## What to produce:
Exactly the lines from the top of the records below through the one containing "2852 Sun Mountain" must be set down, with no line added or dropped.

[Start of Attachment]

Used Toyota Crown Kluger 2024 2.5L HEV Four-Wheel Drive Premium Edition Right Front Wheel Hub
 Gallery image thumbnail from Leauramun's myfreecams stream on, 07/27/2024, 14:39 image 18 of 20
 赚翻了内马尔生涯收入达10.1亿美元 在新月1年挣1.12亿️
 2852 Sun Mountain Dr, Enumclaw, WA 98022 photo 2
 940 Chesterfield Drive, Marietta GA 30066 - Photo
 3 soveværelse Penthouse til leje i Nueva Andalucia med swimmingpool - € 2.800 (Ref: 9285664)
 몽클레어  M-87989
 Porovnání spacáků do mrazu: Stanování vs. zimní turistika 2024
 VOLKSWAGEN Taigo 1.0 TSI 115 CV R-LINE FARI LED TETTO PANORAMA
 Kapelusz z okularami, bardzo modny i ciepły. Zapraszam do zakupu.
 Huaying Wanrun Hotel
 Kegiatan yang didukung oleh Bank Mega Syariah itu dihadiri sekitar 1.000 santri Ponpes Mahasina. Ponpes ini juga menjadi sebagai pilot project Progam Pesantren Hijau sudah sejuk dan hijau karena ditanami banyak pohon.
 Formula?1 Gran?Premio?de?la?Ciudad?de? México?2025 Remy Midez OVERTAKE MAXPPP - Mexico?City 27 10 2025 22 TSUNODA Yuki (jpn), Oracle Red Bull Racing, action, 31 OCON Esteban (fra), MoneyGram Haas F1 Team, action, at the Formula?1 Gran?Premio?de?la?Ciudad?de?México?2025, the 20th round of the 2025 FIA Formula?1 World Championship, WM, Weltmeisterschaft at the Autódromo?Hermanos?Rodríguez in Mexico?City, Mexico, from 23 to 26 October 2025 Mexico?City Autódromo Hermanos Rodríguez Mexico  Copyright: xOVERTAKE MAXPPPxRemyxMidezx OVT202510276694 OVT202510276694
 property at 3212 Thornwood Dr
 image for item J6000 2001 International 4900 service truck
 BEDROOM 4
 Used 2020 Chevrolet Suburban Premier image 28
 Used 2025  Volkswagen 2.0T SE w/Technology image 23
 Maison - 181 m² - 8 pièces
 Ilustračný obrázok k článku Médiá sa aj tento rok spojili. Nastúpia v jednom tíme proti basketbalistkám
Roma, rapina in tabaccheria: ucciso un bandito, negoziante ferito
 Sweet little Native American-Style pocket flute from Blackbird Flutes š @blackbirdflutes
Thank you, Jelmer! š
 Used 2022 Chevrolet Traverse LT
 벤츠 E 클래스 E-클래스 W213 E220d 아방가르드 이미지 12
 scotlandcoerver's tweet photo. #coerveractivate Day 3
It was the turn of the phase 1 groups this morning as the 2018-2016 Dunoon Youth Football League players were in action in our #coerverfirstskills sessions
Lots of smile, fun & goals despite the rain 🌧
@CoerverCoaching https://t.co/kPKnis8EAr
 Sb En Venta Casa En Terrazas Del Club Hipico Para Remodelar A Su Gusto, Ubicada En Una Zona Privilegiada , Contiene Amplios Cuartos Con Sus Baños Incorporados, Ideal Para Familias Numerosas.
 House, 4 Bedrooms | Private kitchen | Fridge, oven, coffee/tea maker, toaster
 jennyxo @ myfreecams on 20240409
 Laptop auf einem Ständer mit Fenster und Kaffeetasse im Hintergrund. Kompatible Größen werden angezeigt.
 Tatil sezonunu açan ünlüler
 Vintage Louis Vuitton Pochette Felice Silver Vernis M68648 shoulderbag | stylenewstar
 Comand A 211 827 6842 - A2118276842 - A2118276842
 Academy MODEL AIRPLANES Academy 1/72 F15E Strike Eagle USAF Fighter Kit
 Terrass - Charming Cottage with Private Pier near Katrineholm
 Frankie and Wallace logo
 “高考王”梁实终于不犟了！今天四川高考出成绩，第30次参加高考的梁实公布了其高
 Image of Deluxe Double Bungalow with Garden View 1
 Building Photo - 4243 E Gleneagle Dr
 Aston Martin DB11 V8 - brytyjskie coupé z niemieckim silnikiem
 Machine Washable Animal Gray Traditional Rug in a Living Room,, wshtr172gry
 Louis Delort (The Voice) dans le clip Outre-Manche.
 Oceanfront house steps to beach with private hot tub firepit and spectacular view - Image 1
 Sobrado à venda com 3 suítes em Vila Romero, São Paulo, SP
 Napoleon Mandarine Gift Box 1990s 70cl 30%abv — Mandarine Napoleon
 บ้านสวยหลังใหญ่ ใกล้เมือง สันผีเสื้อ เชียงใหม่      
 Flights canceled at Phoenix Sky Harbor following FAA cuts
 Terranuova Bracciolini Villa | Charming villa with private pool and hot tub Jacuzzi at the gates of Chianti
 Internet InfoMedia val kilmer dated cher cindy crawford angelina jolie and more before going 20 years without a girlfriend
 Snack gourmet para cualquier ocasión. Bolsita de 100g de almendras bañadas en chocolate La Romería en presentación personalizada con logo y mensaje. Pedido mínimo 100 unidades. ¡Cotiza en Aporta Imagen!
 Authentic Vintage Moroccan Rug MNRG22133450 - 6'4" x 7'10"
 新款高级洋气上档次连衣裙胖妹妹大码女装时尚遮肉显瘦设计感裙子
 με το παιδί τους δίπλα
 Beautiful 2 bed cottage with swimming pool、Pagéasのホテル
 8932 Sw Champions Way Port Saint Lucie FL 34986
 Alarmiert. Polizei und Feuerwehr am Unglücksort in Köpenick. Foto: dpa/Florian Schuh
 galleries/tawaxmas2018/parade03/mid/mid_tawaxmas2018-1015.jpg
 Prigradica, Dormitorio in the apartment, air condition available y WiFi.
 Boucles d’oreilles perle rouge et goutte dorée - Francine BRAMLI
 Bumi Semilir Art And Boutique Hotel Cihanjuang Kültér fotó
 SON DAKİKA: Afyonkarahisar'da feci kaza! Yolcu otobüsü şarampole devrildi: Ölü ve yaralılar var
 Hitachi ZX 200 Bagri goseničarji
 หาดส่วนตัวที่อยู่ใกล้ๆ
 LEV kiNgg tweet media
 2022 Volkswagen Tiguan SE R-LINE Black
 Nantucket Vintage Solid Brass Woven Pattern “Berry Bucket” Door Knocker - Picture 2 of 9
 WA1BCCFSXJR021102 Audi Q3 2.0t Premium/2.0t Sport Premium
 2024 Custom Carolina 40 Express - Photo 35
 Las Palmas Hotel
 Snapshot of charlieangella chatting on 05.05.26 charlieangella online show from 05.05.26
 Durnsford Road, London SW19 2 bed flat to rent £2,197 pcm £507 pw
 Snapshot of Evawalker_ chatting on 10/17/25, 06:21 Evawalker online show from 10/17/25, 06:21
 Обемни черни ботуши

[End of Attachment]

## Answer area:
Used Toyota Crown Kluger 2024 2.5L HEV Four-Wheel Drive Premium Edition Right Front Wheel Hub
 Gallery image thumbnail from Leauramun's myfreecams stream on, 07/27/2024, 14:39 image 18 of 20
 赚翻了内马尔生涯收入达10.1亿美元 在新月1年挣1.12亿️
 2852 Sun Mountain Dr, Enumclaw, WA 98022 photo 2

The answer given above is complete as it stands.